Short web captions
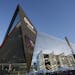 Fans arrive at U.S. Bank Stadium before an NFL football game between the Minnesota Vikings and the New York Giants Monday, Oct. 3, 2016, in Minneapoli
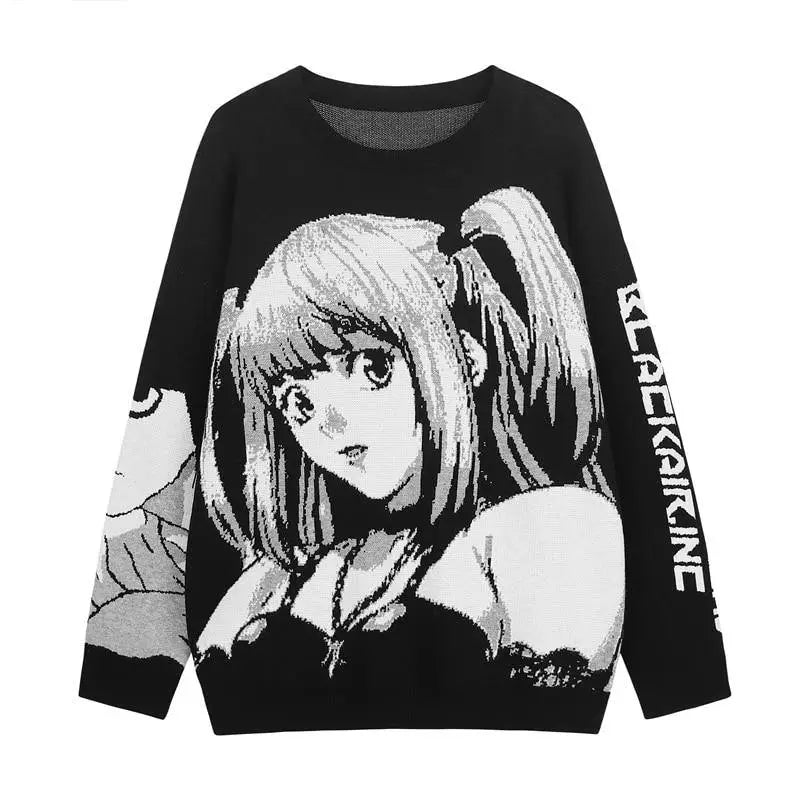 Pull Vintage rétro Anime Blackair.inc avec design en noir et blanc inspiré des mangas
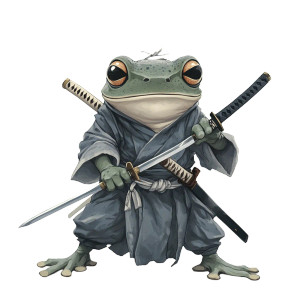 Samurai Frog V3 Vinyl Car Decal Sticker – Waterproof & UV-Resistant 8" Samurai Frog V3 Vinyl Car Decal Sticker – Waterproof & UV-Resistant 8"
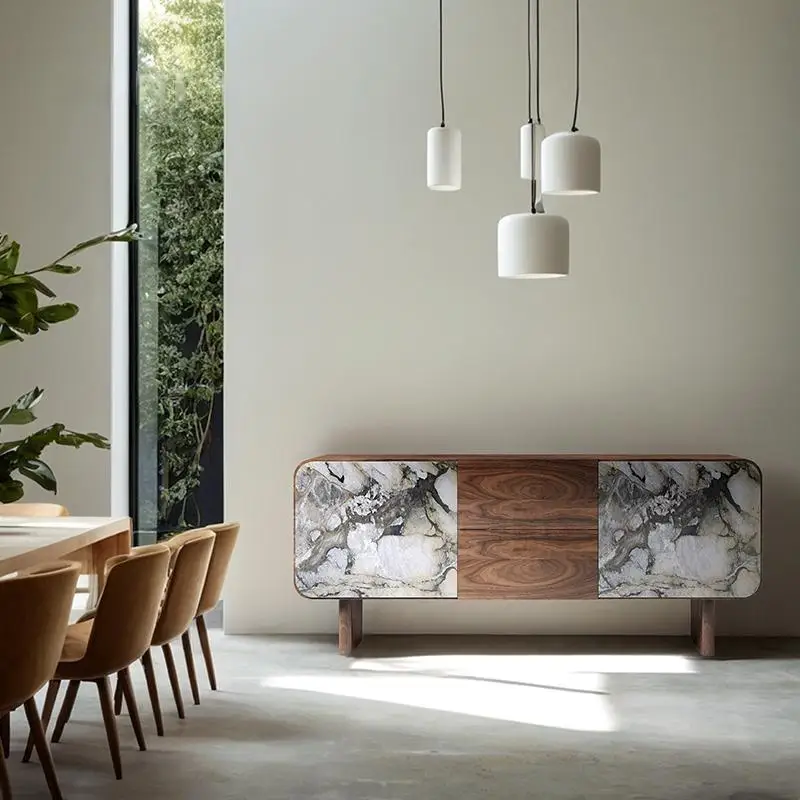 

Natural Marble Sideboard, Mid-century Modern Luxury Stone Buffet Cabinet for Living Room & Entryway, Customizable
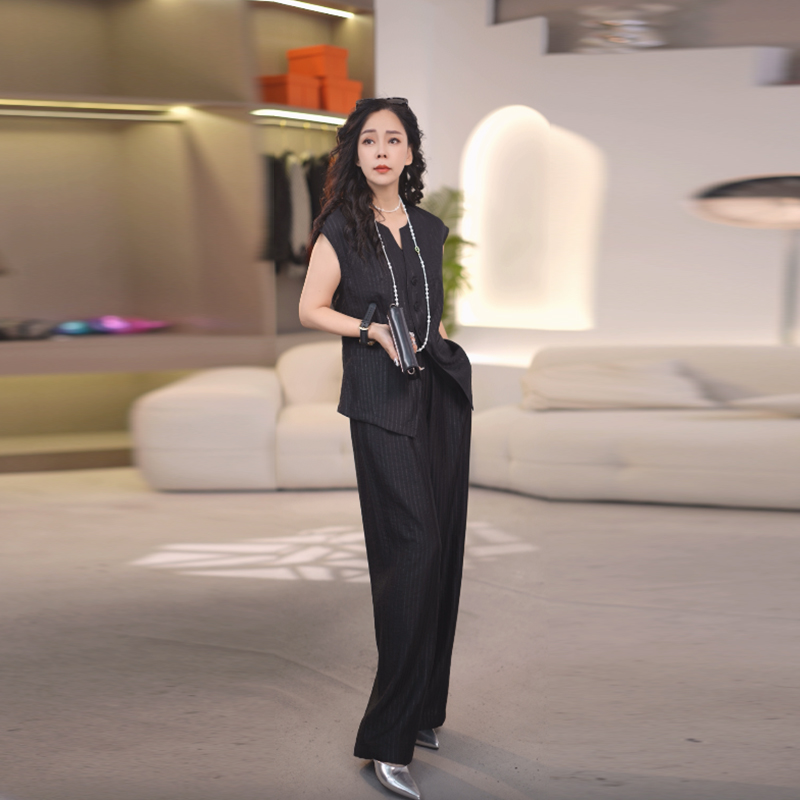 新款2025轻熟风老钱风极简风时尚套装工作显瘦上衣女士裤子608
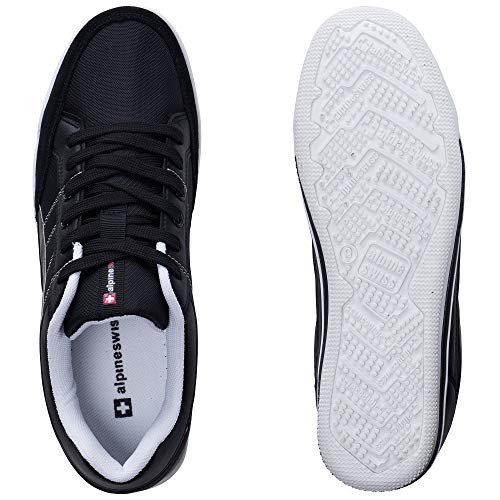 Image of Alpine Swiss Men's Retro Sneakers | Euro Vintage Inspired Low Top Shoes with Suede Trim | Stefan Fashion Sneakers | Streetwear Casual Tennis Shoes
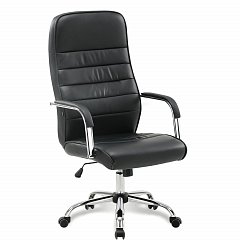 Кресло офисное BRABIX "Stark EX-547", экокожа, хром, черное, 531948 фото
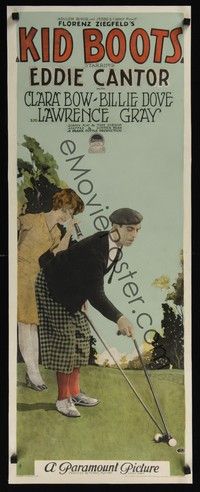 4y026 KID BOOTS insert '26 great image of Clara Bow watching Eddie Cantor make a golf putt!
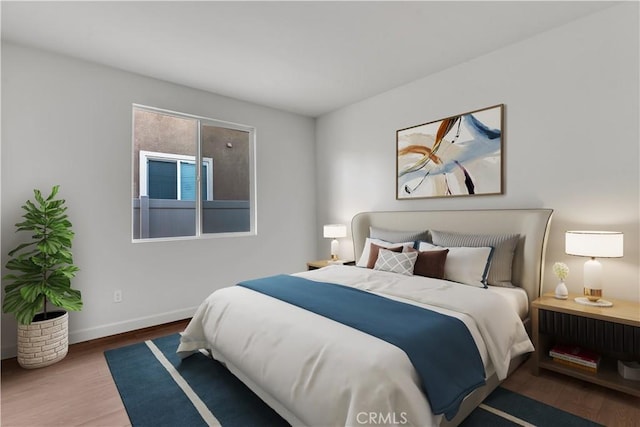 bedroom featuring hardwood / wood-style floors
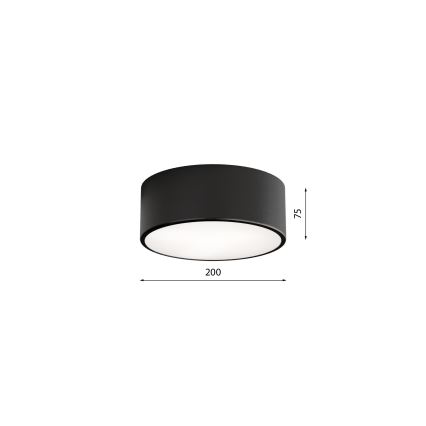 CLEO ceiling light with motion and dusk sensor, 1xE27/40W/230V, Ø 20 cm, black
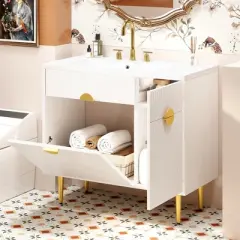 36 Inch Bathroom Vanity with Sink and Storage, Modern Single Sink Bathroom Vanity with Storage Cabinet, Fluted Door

__What the task asks__.
Could you repeat exactly the lines from the one containing "Кресло офисное BRABIX" to the last line of the records, both included, and leave out every picture?

__Answer below__.
 Кресло офисное BRABIX "Stark EX-547", экокожа, хром, черное, 531948 фото
 4y026 KID BOOTS insert '26 great image of Clara Bow watching Eddie Cantor make a golf putt!
 bedroom featuring hardwood / wood-style floors
 CLEO ceiling light with motion and dusk sensor, 1xE27/40W/230V, Ø 20 cm, black
 36 Inch Bathroom Vanity with Sink and Storage, Modern Single Sink Bathroom Vanity with Storage Cabinet, Fluted Door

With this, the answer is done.